Récemment, j’ai été amenée à rencontrer une dessinatrice textile, dont on dit qu’elle est une des « meilleures mains » de Paris dans ce domaine. M.M. travaille en effet pour les plus prestigieux éditeurs de tissus d’ameublement français et étrangers. Diplômée brillamment de l’ENSAAMA (école nationale supérieure des arts appliqués et des métiers de l’art), estampillée très tôt manuelle et fière de son caractère bricoleur, elle en fit son cheval de bataille.
Lors d’une journée « portes ouvertes » durant laquelle, M.M. nous présentait son métier, j’ai pu admirer la créativité de ses dessins originaux et somptueux en écoutant attentivement ses commentaires sur la réalisation de ses échantillons et maquettes généreusement exposés. Au cours de cet échange, à mon grand étonnement, j’appris qu’elle ne signait pas ses œuvres ! Ce sont les « us et coutumes » de ce métier largement féminisé avec l’industrialisation précisera-t-elle. A la fin du 19ème siècle les dessinateurs, exclusivement masculins, étaient connus nommément puisqu’ils signaient leur travail car ils étaient considérés comme des artistes. Elle en prit son parti, se revendiquant avant tout artisan, quoique !!!

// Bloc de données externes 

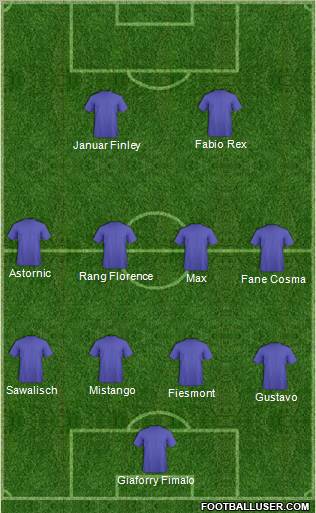 Dream Team Formation 2012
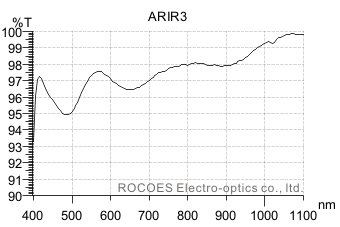 红外高穿透保护片光谱, 岳华展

Dans l’ameublement où elle a commencé, voici maintenant trois décennies, une commande se passait deux ans avant que le tissu ne sorte en collection. La qualité était inconditionnelle à la commande, cette valeur reconnue comme label faisait la notoriété des tissus d’ameublement richement décorés de motifs inspirés ou imposés. Aujourd’hui, le temps s’est rétracté, on lui demande cinq mois pour finir ses créations, sachant que les dessins seront imprimés quelques mois après, c’est ce que l’on appelle du « management sous pression », alors que sa technique, crayon, papier, peinture est toujours la même. Derrière ces délais de plus en plus courts rôde une menace, celle de ne pas avoir de boulot si les exigences en temps ne sont pas respectées ! Comme M.M. ne peut céder sur la qualité de son travail, par peur aussi de ne pas y arriver, elle investit son temps personnel qui désorganise ainsi sa vie privée, ce qu’elle déplore bien évidemment. Évaluée sur ses qualités artistiques et ses compétences professionnelles acquises, elle doit s’adapter à une organisation du travail régie par un système néo-libéral qui fait fi de plus en plus des règles du métier, en exigeant des objectifs de temps atteignables qu’au prix de « sacrifier » sa vie personnelle. D’ailleurs il lui est arrivé récemment de refuser des commandes, ne pouvant satisfaire humainement aux délais imposés.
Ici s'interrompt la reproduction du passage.